Dataset excerpt:
-*-

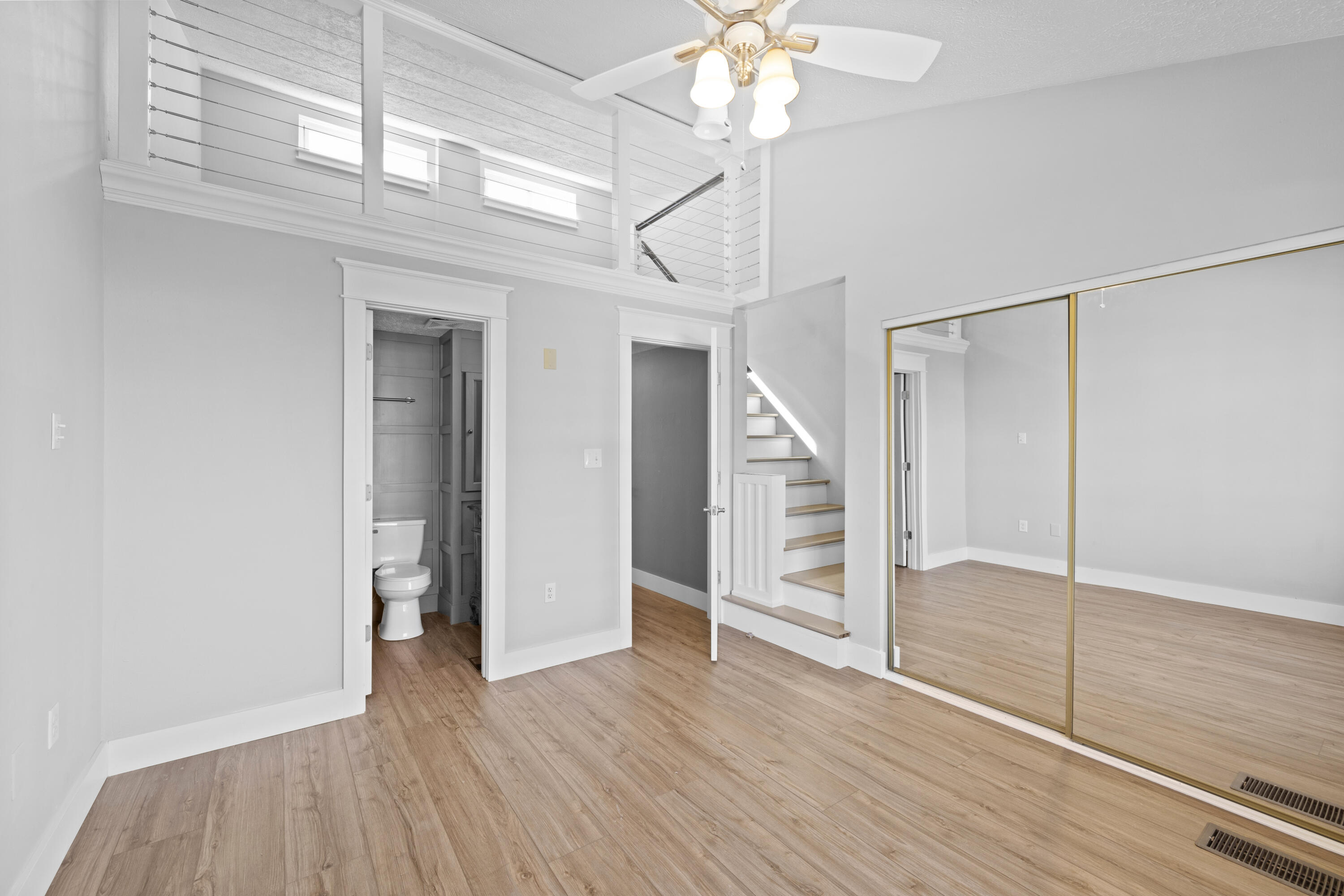 COMMODORES LANDING - Residential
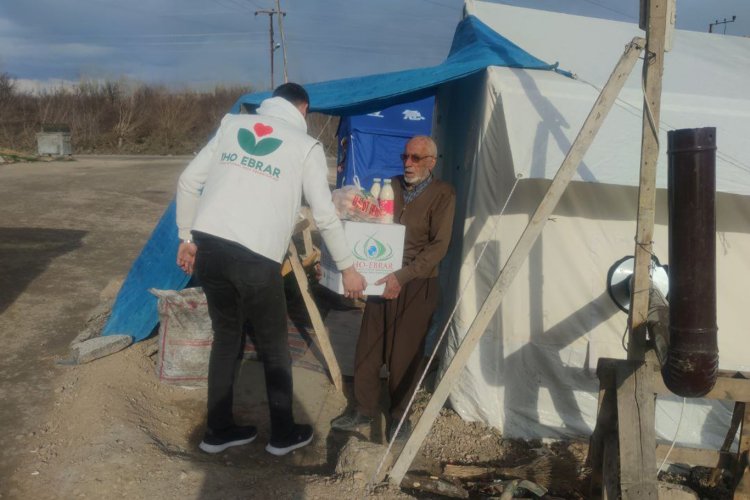 IHO Ebrar'dan kırsaldaki depremzedelere gıda yardımı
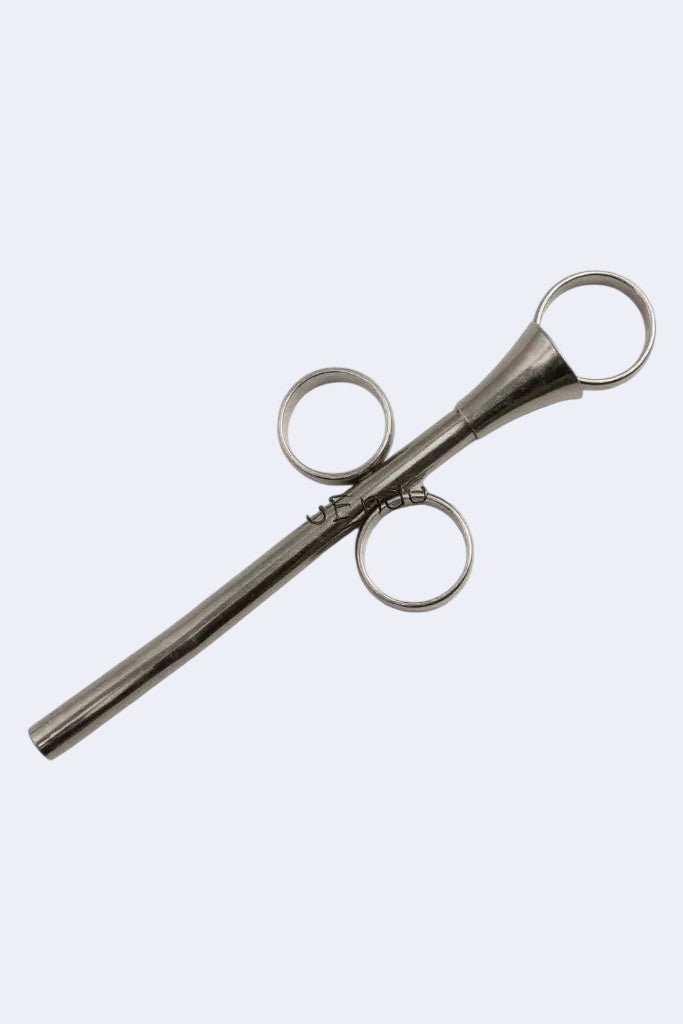 DENTISTOOLBOX stainless steel bone graft syringe with 6.5mm diameter and finger rings for precise application.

-*-

Without including any pictures, copy every line above exactly.

 COMMODORES LANDING - Residential
 IHO Ebrar'dan kırsaldaki depremzedelere gıda yardımı
 DENTISTOOLBOX stainless steel bone graft syringe with 6.5mm diameter and finger rings for precise application.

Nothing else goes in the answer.